— Aim of the task —
Which of the lines below include "isThisMe"? Each one should be copied out.

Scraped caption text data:
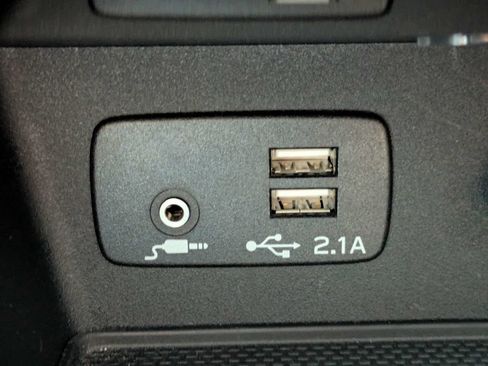 Certified 2023 Subaru Forester Sport AWD/4WD image 25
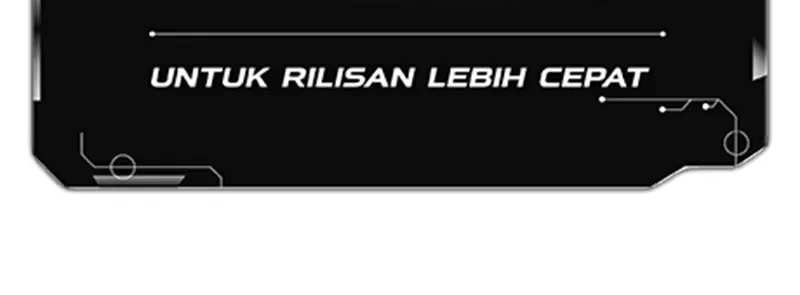 Chapter 11 - halaman 88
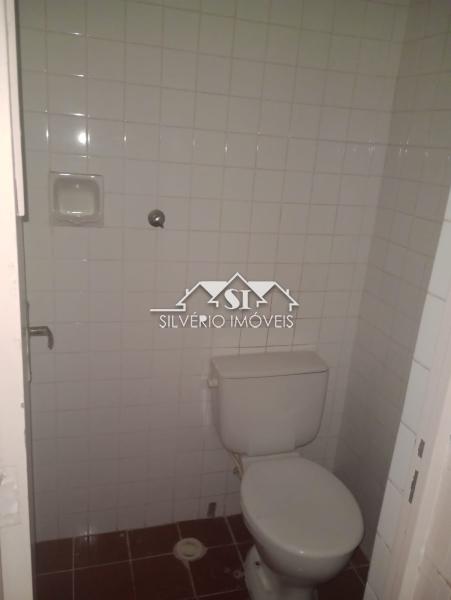 Apartamento à venda em Bingen, Petrópolis - RJ - Foto 16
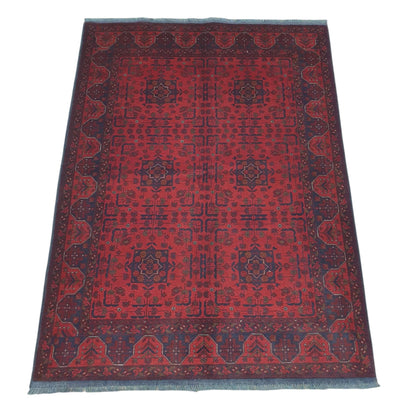 Khal Mohammadi Rug - 200 x 150cm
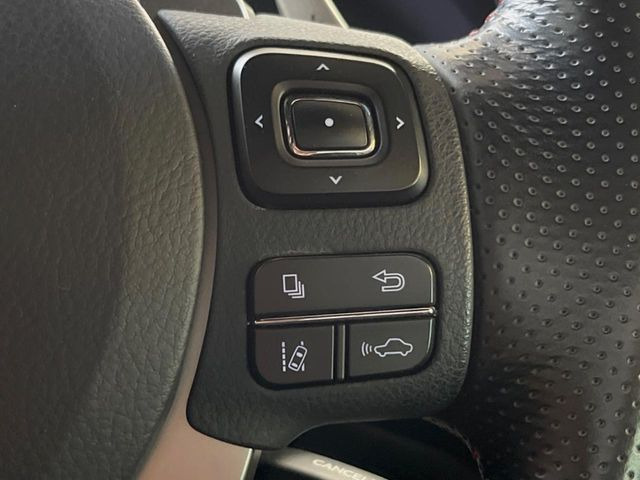 �y���[�_�[�N���[�Y�R���g���[���z�������H�ł̒��������s���y��!!�����ő��x��ۂN���[�Y�R���g���[�����A�Փˌy���V�X�e���ƘA�g���A�O���̎ԗ������m���ĎԊԂ�ۂ悤�ɑ��x���߂��Ă���܂�!!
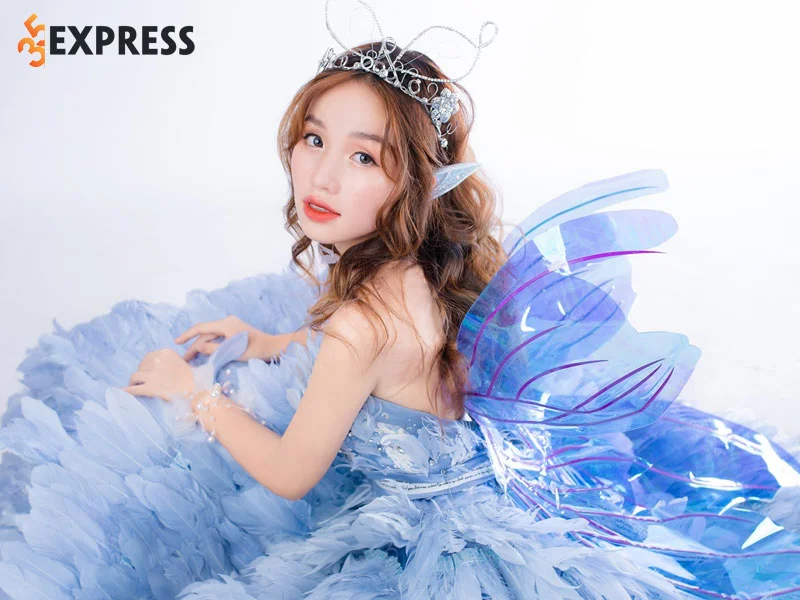 su-nghiep-cua-hot-girl-nhung-thi-1-35express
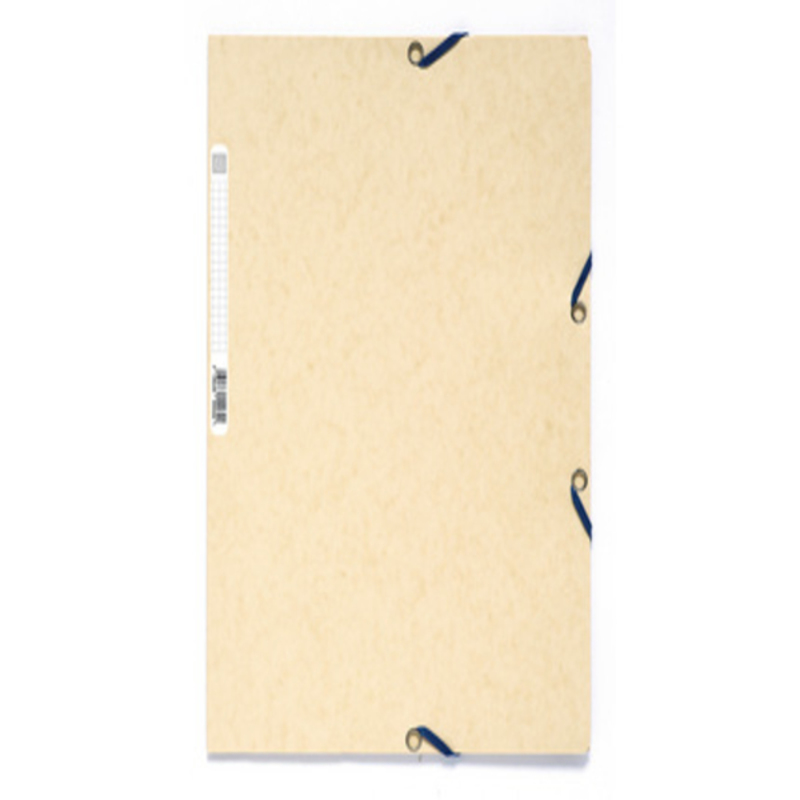 S35074160 - Pametni nakupi S3507416 0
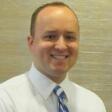 Photo: Dr. Jeffrey Eifler, DPM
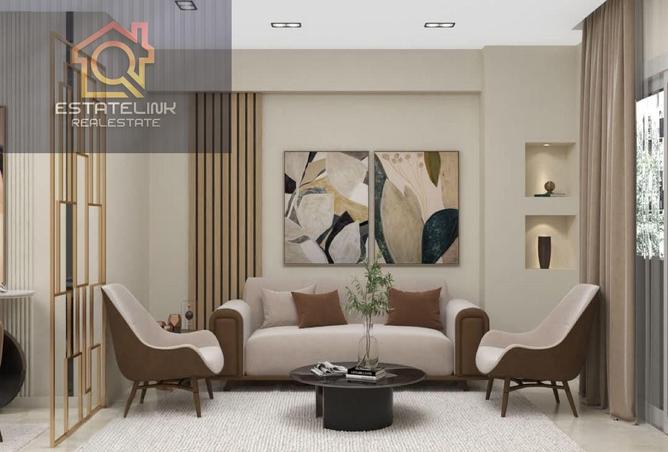 8135343 - الصورة الرئيسية للعقار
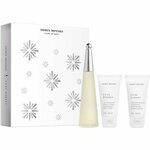 Issey Miyake L'Eau d'Issey Giftset darilni set za ženske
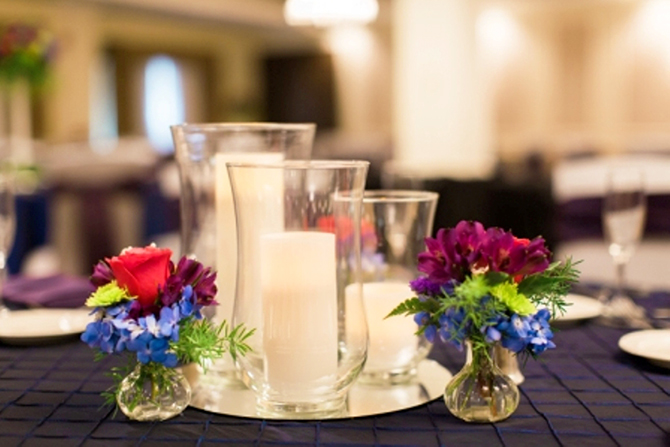 Hampton Inn & Vermont Event Center Colchester, VT LGBT Weddings 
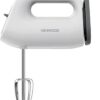 Kenwood handmixer | Kenwood
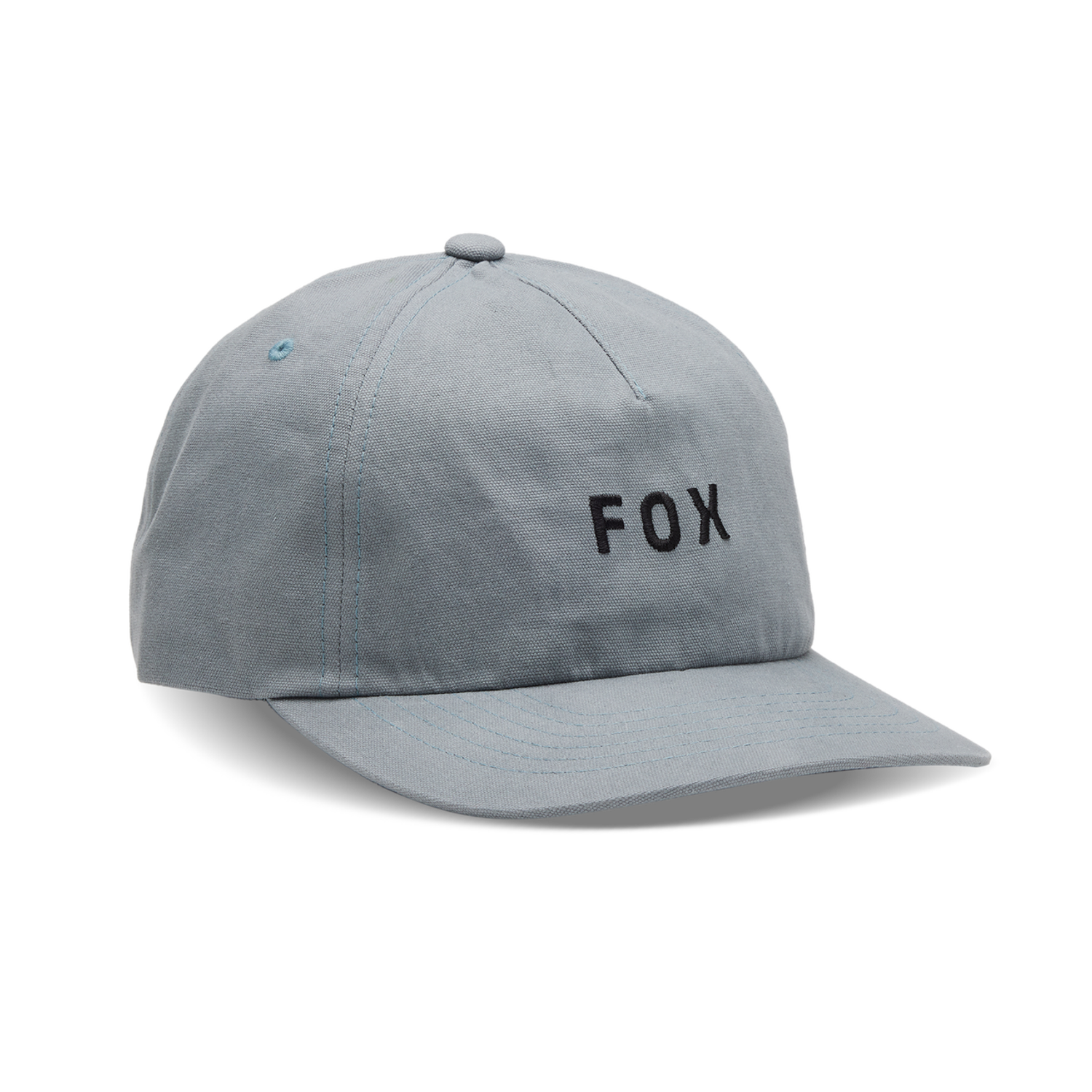 Womens Wordmark Adjustable Hat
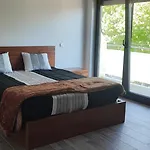 Casa Gidelos 农家乐 *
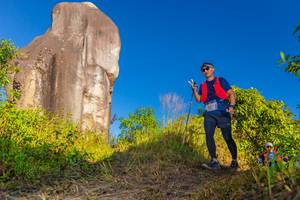 BIB: 
                            <button type="button" onclick="openModal(19343863)" class="btn btn-primary btn-sm float-right btn-popup" data-toggle="modal" data-target=".modal-high-quality">
                        <i class="fas fa-shopping-cart"></i> Add to Cart
                    </button>
                                            <button type="button" onclick="isThisMe(19343863, true)" class="btn btn-success btn-sm float-right btn-popup btn-isme hidden" data-toggle="tooltip" data-placement="bottom" title="นี่คือรูปของคุณใช่ไหม คลิกที่นี่เพื่อเอาเข้าอัลบั้ม">
                        <i class="fas fa-plus"></i> Add to album
                    </button>
                    <button type="button" onclick="isThisMe(19343863, false)" class="btn btn-warning btn-sm float-right btn-popup btn-isnotme hidden">
                        <i class="fas fa-ban"></i> Remove from album
                    </button>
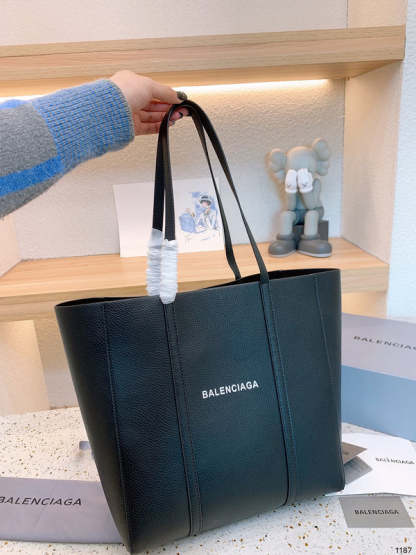 Disarh Fashion - BGA Bags - 1588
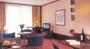 Konigin Luise Hotel Picture 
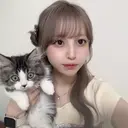 🎀艶カラー￤髪質 改善🎀ayane♥のプロフィール画像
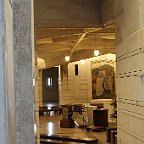 IMG 4404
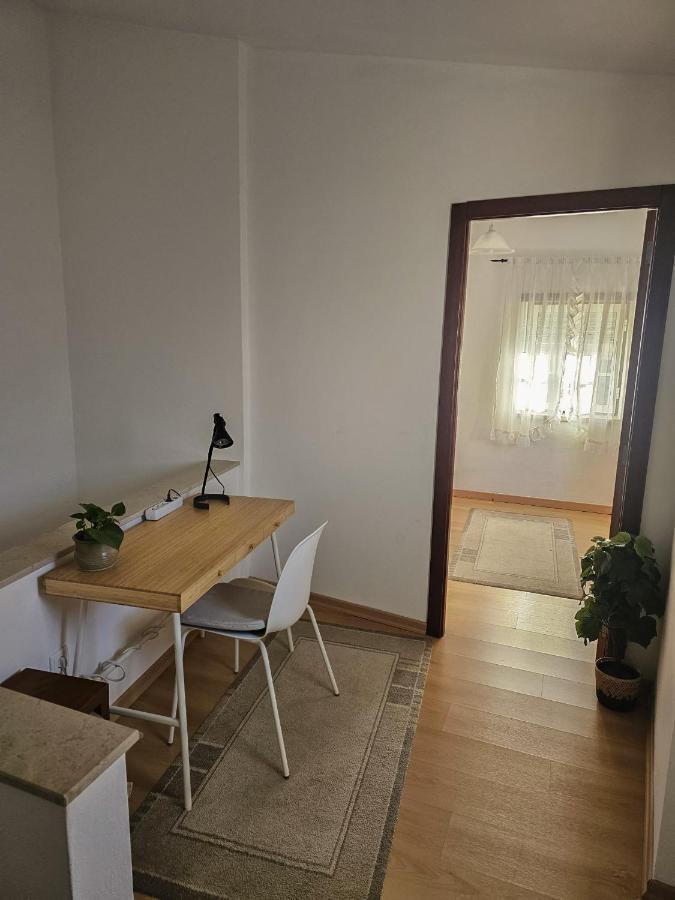 Casa Da Avo Lidia Διαμέρισμα Lourinha  Εξωτερικό φωτογραφία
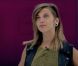 Emilie dans Secret Story 6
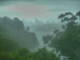 Linley Point 14.06.2025 16:54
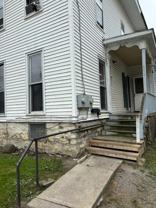 304 Washington Avenue #1 - Photo 1 of 1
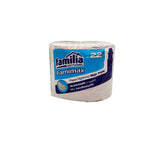 Papel higienico normal 201764 x 1x22 mt bc 3h familia/tork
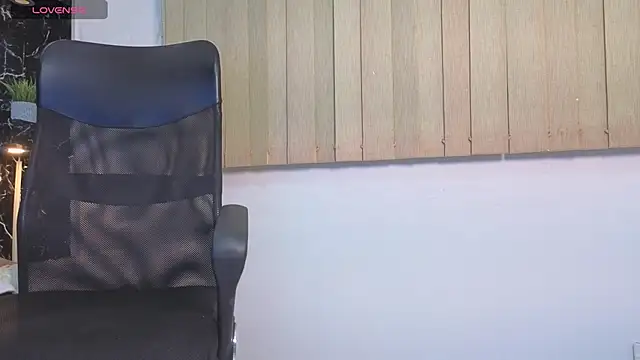 MR_EITHAN webcam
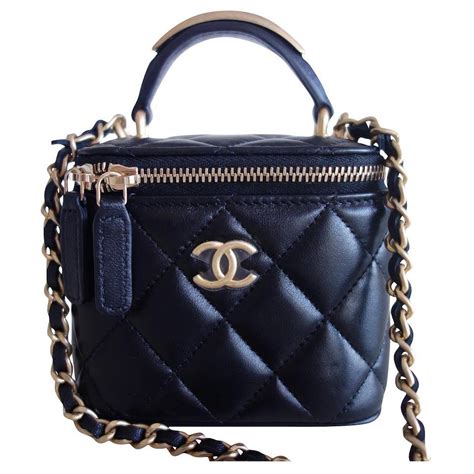 2934545 chanel bag|Handbags .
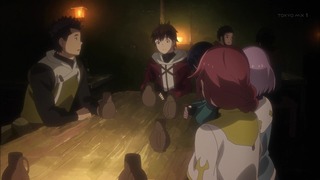 cap (123)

— Exercise result —
                                            <button type="button" onclick="isThisMe(19343863, true)" class="btn btn-success btn-sm float-right btn-popup btn-isme hidden" data-toggle="tooltip" data-placement="bottom" title="นี่คือรูปของคุณใช่ไหม คลิกที่นี่เพื่อเอาเข้าอัลบั้ม">
                    <button type="button" onclick="isThisMe(19343863, false)" class="btn btn-warning btn-sm float-right btn-popup btn-isnotme hidden">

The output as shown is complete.